Email us and we'll publish your thoughts - or use the Readers' Comments section below...

  • raath - 2013-02-06 07:36

    "These wheels are smaller, have limited speed and range." They are smaller to save space, limited speed is better than no speed, and the short range forces you to change the tyre sooner rather than driving with your spare for too long. "There is also the tendency to fit run-flat tyres. These generally cannot be repaired, are expensive to replace and not readily available." Feel free to change the tyres then - or get a car without run-flats. "The effect is these cars could place you in a very dangerous situation." There are ways to mitigate all your concerns. Complaining about cars being unsafe because of the spare tyres is just juvenile. Rather write something about people with worn and smooth tyres, tyres being fitted the wrong way around against their water-dispersing threads, or tyres being under-inflated. Did you know that a tyre only bursts at around 14 bar? You can easily inflate your tyre more. Under-inflated tyres are the major cause of tyre failure from tyre-wall fatigue and stresses. And no, inflating it a bit more than the recommended pressure won't affect your wear on the tyre surface, because that surface is too stiff to change shape under those pressures.

      brak.jan - 2013-02-06 09:08

      Agreed, there are much more important factors to consider. If the 'marie biscuit' really worries you, get a full size spare, even if its on a steel rim.

      Killbot79 - 2013-02-06 09:45

      Marie biscuits are fine to get you around till you have a chance to fix the damaged tyre, but what irks me is, the tyre is rated a top speed of 80km/h but then you see people driving over 120km on the freeway with these thin tyres.
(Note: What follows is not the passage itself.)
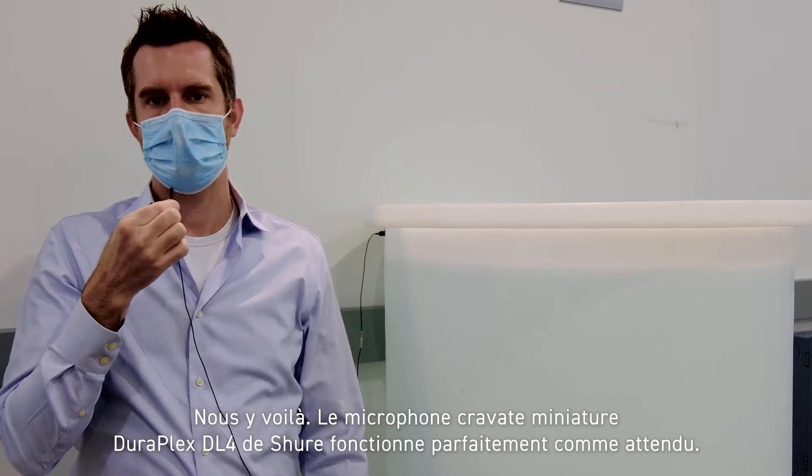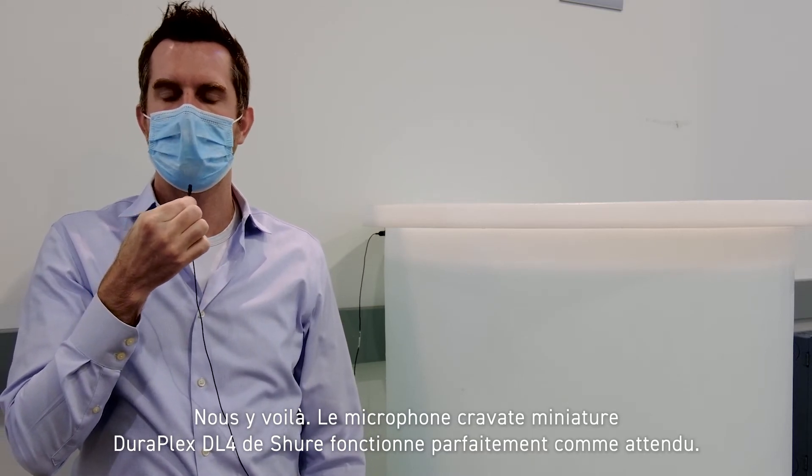All right, and there we are — the Shure DuraPlex DL4 Lavalier microphone performing as expected.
Not very clever, there is a reason for that rating.

      thando.gqabaza - 2013-02-06 11:30

      Some manufacturers insist on full size spare wheels.I believe that this is a safety feature given our vast distances and harsh conditions. The manufacturers fitting marie biscuits must realize that we are not in Europe. As for run flats - I had a 3 series and had a flat tyre while driving to Durban on Christmas eve a few years ago. I made it to Durban but since everyone was closed for the next 2 days could not buy another tyre and thus use my car. And yes they normally recommend buying a new tyre instead of repairing a run flat. Once again , designed for Europe , not for Africa.
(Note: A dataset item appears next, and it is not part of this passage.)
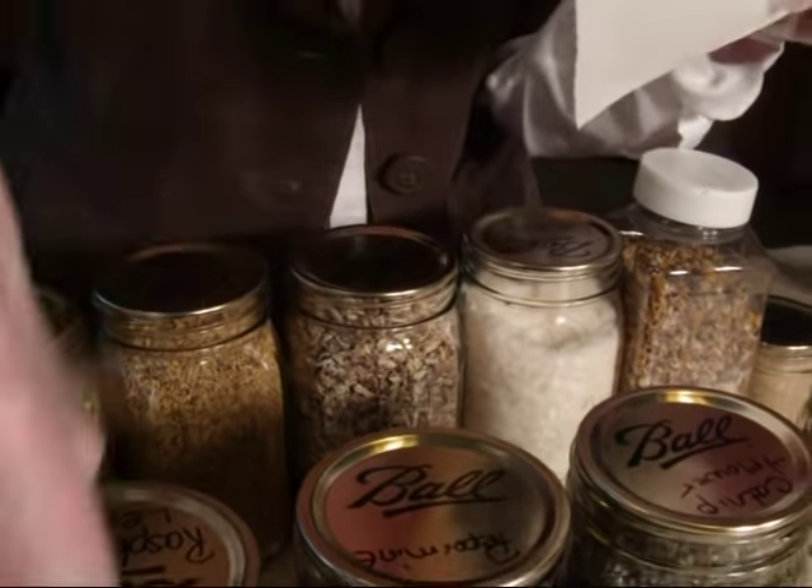During the summer, you can go on your herb hunt and collect all your herbs, put them on your dehydrator, then put them in jars, and make your own teas to give your friends and family special teas that you make. It's just another thing you can do with dehydrating.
  • riotousr - 2013-02-06 09:54

    In most cases we call it the biscuit. If you change your 4 tyres from manufacture size the abominable biscuit becomes dangerously undersized. The labels do, however, warn you not to drive extended distances with such tyres. Whether you buy the car used or brand new my advice is that you try to negotiate a spare wheel that is of identical dimensions to your four driving wheels. Most dealerships are always wheeling to steal a tyre from that dud so that they can break a sale.

  • ben.maluleke - 2013-02-06 13:11

    Yeah that's very true I bought a car and didn't check my spare till I got flat tyre and only to find my spare is incorrect size, luckily I was next to tyre and wheel dealer.....
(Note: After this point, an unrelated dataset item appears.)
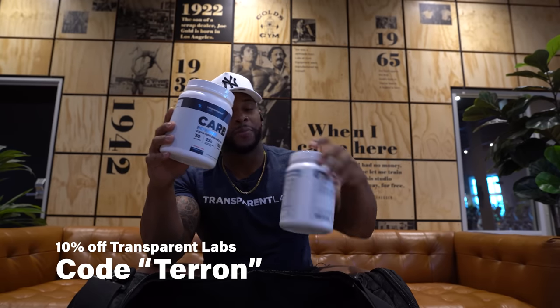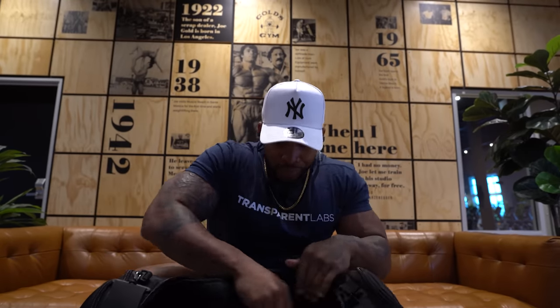Appreciate you guys for tuning in. If you're interested — Transparent Labs, use code 'DeRon.' First off, at least grab this shaker bottle because it has a lock on it, which comes in clutch. I was powered off their carbs today, the bulk pre-workout, and we're going to take our post-workout and creatine right now. Use code DeRon, appreciate you guys for supporting me. I truly believe in Transparent Labs. Hit that like button — catch you later.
      raath - 2013-02-07 08:45

      "Didn't check my spare" <-- your mistake then? :)

  • colin.ashby.35 - 2013-02-06 13:12

    looks like his wheel alignment is off. i dont believe that new cars come with 2nd grade tyres.maybe 2nd hand cars , but not new. i would rather have a marie biscuit than a run flat.

  • carolyn.ferreira.750 - 2013-02-06 20:05

    Run-flats are more expensive and are becoming more available with every month because more vehicles are being fitted with them, they have one big advantage over other tyres, you can drive 350+km on them without having to stop, witout any damage to the rim or the car, your handling is hardly affected, granted one has to slow down a little to prevent the tyres from overheating but you can drive until you are in a position to then replace the tyre in a safe environment.

  • Mandy Casey - 2013-02-08 02:25

    I fully agree with the writer, how much more difficult is it to sell a car with a spare that is identical in size to the other four wheels!